[PROBLEM TO SOLVE] The entries that follow must be given again exactly, with the pictures excluded.

[AVAILABLE DATA]
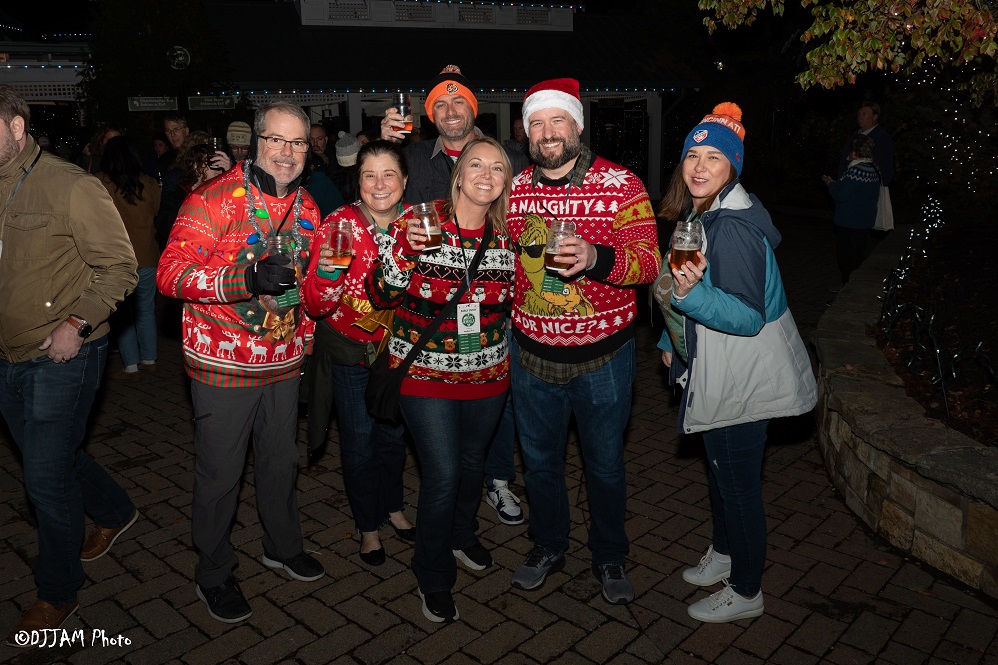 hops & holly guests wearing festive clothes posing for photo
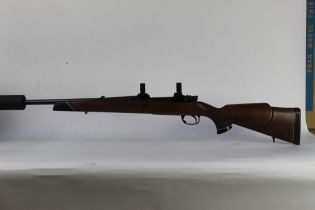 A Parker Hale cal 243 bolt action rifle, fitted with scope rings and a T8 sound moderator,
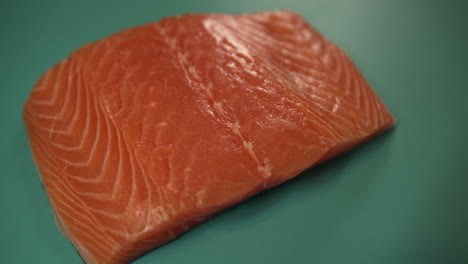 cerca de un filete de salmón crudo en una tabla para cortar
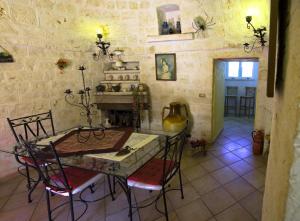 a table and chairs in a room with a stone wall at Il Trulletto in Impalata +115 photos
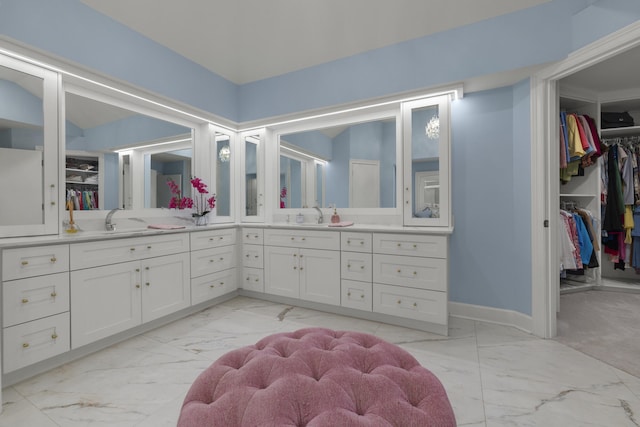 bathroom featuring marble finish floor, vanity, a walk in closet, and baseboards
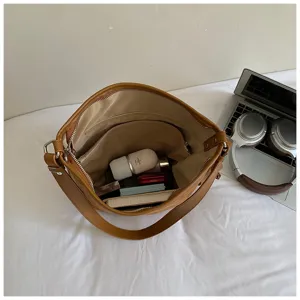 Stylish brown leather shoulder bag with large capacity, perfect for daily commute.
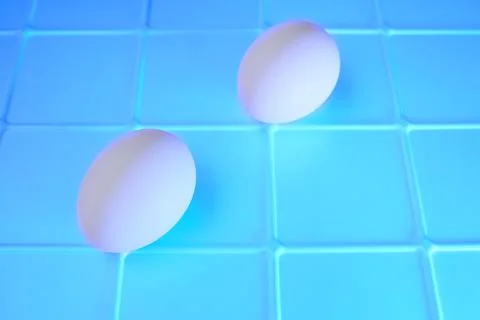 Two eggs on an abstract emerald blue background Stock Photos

[TASK RESPONSE]
 hops & holly guests wearing festive clothes posing for photo
 A Parker Hale cal 243 bolt action rifle, fitted with scope rings and a T8 sound moderator,
 cerca de un filete de salmón crudo en una tabla para cortar
 a table and chairs in a room with a stone wall at Il Trulletto in Impalata +115 photos
 bathroom featuring marble finish floor, vanity, a walk in closet, and baseboards
 Stylish brown leather shoulder bag with large capacity, perfect for daily commute.
 Two eggs on an abstract emerald blue background Stock Photos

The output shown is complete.